Op een dag rende de man met de paraplu linea recta naar het dorp. Het strand liet hij links liggen. Nog merkwaardiger was, dat hij zijn paraplu niet bij zich droeg. De dorpsbewoners die hij passeerde keken verbaasd om, dit was toch niet de man met de paraplu die altijd zo bedeesd langs kwam gelopen?
De man stormde het politiebureau binnen. ‘Mijn… paraplu is… gestolen!’ hijgde hij tegen de rug van een politieman.
‘Meneer, komt u daarvan aangifte doen?’ De politieman draaide zich om, en fronste toen hij de man met de paraplu, weliswaar zonder paraplu, zag staan. ‘O bent u het.’
‘Ja! En natuurlijk kom ik daarvan aangifte doen. Dit is toch een politiebureau?’
De politieman tuitte zijn lippen. ‘Meneer blijft u vooral kalm, anders valt er natuurlijk niets te beginnen. Was u erg gehecht aan u paraplu?’
De man met paraplu sloeg met zijn hand op de balie. ‘Zeg, denkt u dat ik aangifte kom doen van een gestolen paraplu omdat ik er niet aan gehecht ben? Wie denkt u dat u zich voor hebt? De dorpsgek?’
‘Het is niet alledaags dat iemand aangifte komt doen van een gestolen paraplu ziet u.’ antwoordde de agent beledigd. ‘Ik moet op zijn minst toch weten of het voorwerp een grote waarde voor u had. Weet u zeker dat u hem niet ergens hebt laten liggen?’
‘Nee, ik laat mijn paraplu niet zomaar ergens liggen. Het is niet eens mijn paraplu!’
‘Van wie is die paraplu dan wel?’
‘Wat doet het ertoe?’
‘Hoe u eraan bent gekomen is wel degelijk belangrijk. Hij is vast niet zomaar uit de lucht komen vallen.’
‘In feite wel, als u het zonodig wil weten. Maar meneer, dat is allemaal bijzaak. Hij is gestolen, zeg ik u! Wat doet het er dan toe van wie de paraplu is? Ik had hem in bruikleen. Wilt u ook nog weten of ik hem misschien een naam heb gegeven? Nee, meneer! De paraplu had geen naam!’
De politieman achter het bureau stond op. ‘Ik probeer enkel een helder beeld te krijgen.’ sprak hij met zijn tanden stevig op elkaar geklemd.
‘Man, houdt toch u mond als u niets zinnigs weet te vragen!’ De man met de paraplu beende woest het politiebureau uit. Als het zo ging kon hij beter zelf opzoek gaan.
‘Bent u u paraplu kwijt?’
De man met de paraplu draaide zich om. Achter hem stond Jan, de dorpsgek.
‘Nou, nou, nou?!’ Jan sprong voor hem. ‘Ja toch?’
‘Ik heb hier geen tijd voor.’ zei de man met de paraplu en duwde Jan opzij.
‘Geen tijd? Meneer, u heeft hier zeeën van tijd! U woont immers aan de kust.’ Jan ontblootte zijn scheve rij tanden en lachte met een hoge hikkende lach.
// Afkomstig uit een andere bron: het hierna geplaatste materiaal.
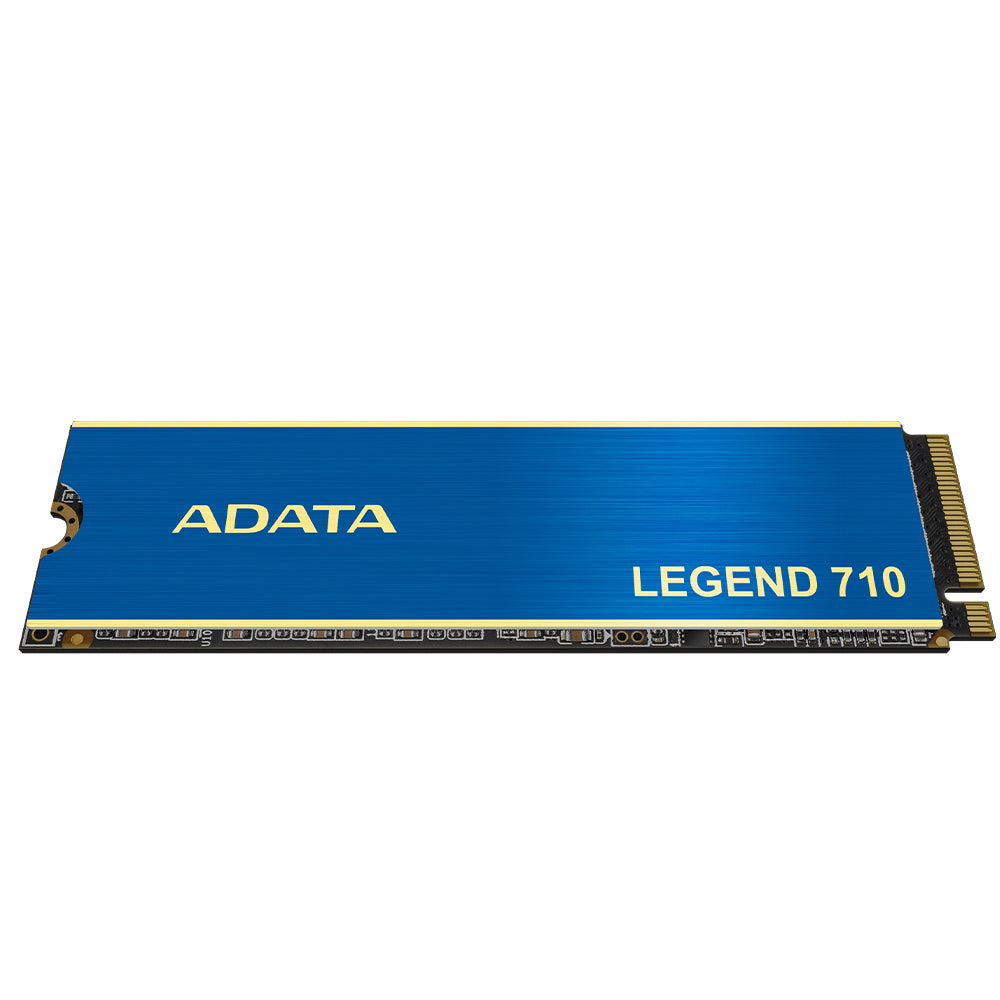 ADATA LEGEND 710 512GB M.2 PCIe 3.0 NVMe SSD, image 6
‘Niet nu, en laat me gaan.’ De man met de paraplu draaide zich om liep weer terug vanwaar hij was gekomen. Hij besloot zijn dagelijkse toch te maken, misschien had iemand slechts een slechte grap met hem uitgehaald en lag de paraplu nu te wachten op een punt waar hij elke dag voorbij kwam. Hij liep terug over het duin.
‘Meneer, meneer wacht nou!’ schreeuwde Jan. De man met de paraplu versnelde zijn pas. Hij had op het moment geen zin in gezelschap. De hoge trap naar het strand was gelukkig niet ver meer.
‘Meneer, wacht!’ klonk Jans stem weer toen hij de trap bereikte, maar de man met de paraplu draaide zich niet om naar Jan die als een gek op hem afrende.
‘Dood zegt u?’
‘Morsdood. Van die hoge trap naar het strand gevallen. Vlak daarvoor had hij nog bij het politiebureau gemeld dat zijn paraplu was gestolen. Helemaal krankzinnig geworden, vertelde de politieman. Probeerde ook stennis te schoppen.’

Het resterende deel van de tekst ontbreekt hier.